◆ **Provided information**:
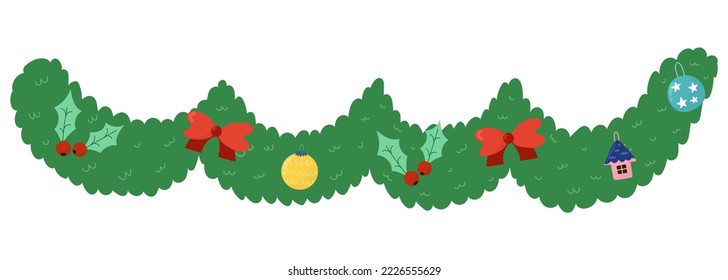 Christmas garland decor with toys, bows and mistletoe. Xmas decoration in cartoon style. Vector illustration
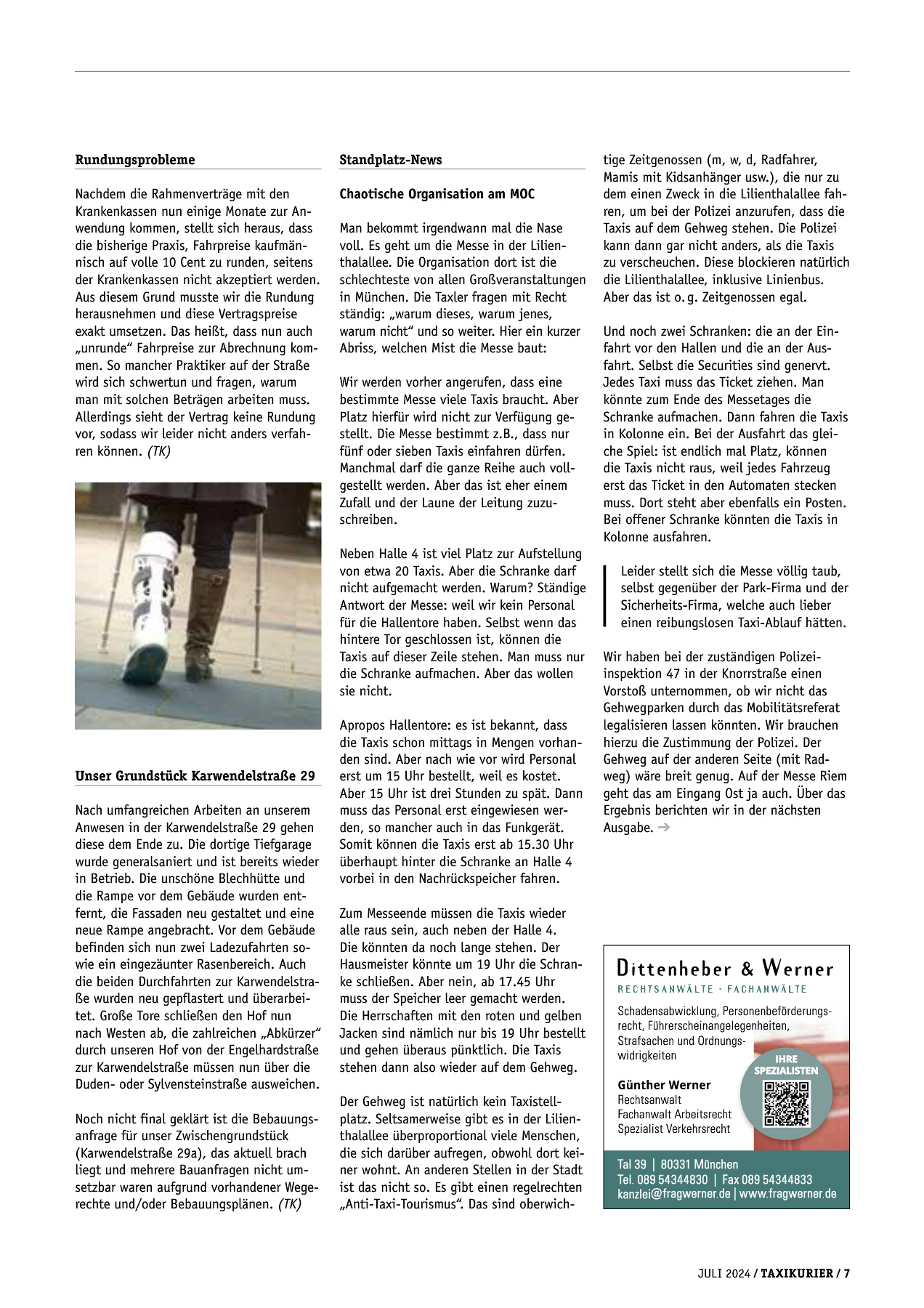 Originalseite 7 der Ausgabe Taxikurier Juli 2024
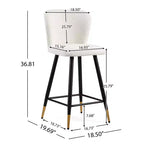Tabourets de bar rembourrés modernes Christopher Knight Home Serein 26'' avec pieds en métal à embouts dorés (lot de 2)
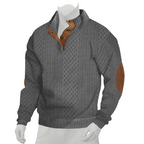 Sudadera Jacquard Retro para Hombre con Cuello Alto y Coderas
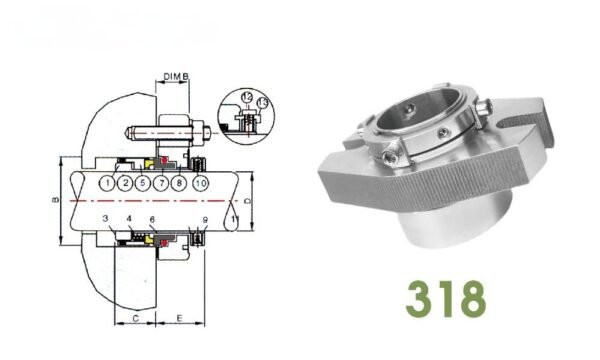 XDDCE AKA 318 Mechanical Seal for sewage Pumps, it is a good choice to replace packing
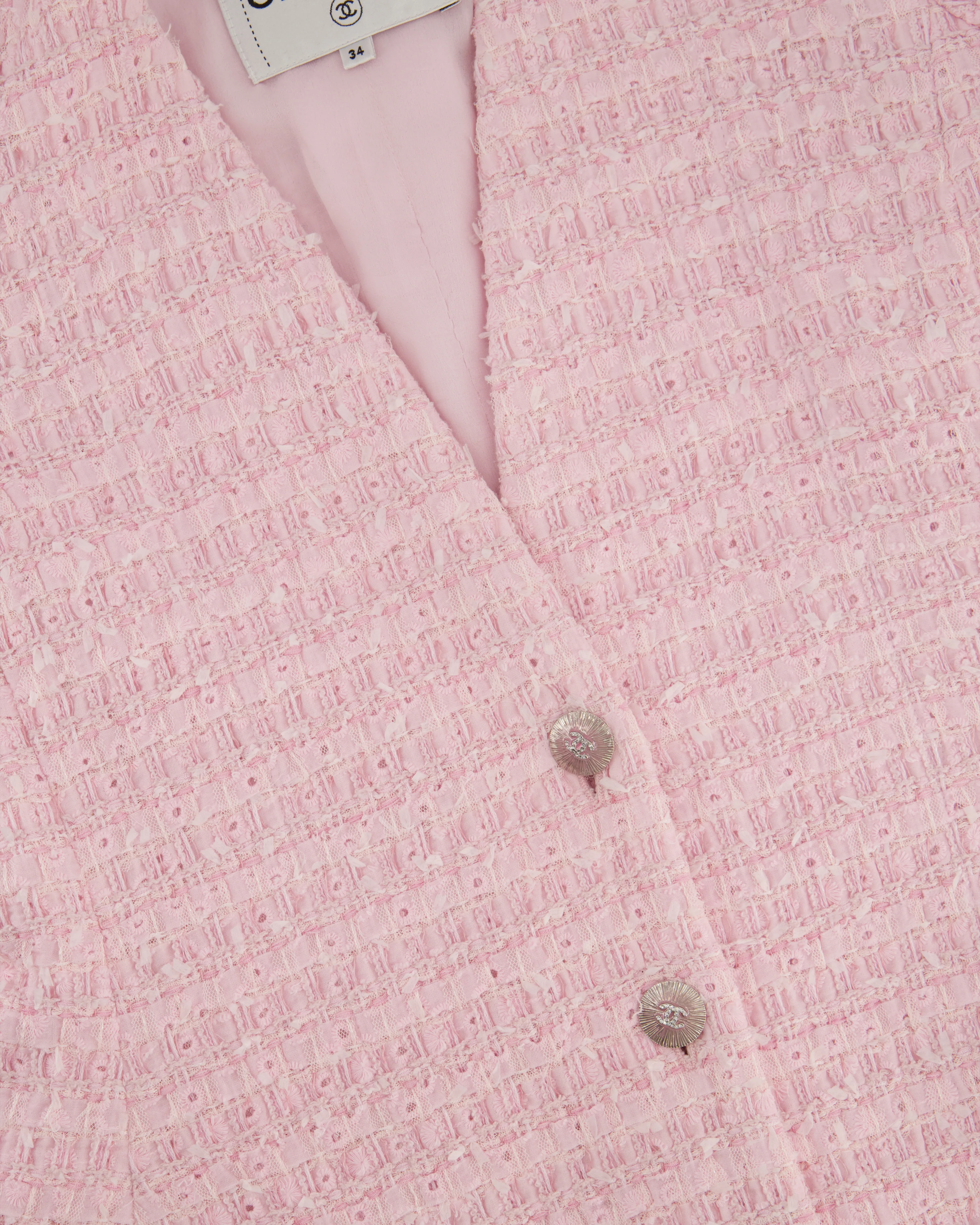 *HOT* Chanel 24S Pink Tweed Long Sleeve A-Line Asymmetric Mini Dress with Silver and Pink Logo Button Details Detail FR 34 (UK 6) RRP £11,650 - Image 9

◆ **Exercise instructions**: Each line above from the one containing "Originalseite 7 der" through the one containing "Sudadera Jacquard Retro" is to be returned verbatim. Nothing else, and no pictures.

◆ **Solution**:
 Originalseite 7 der Ausgabe Taxikurier Juli 2024
Tabourets de bar rembourrés modernes Christopher Knight Home Serein 26'' avec pieds en métal à embouts dorés (lot de 2)
 Sudadera Jacquard Retro para Hombre con Cuello Alto y Coderas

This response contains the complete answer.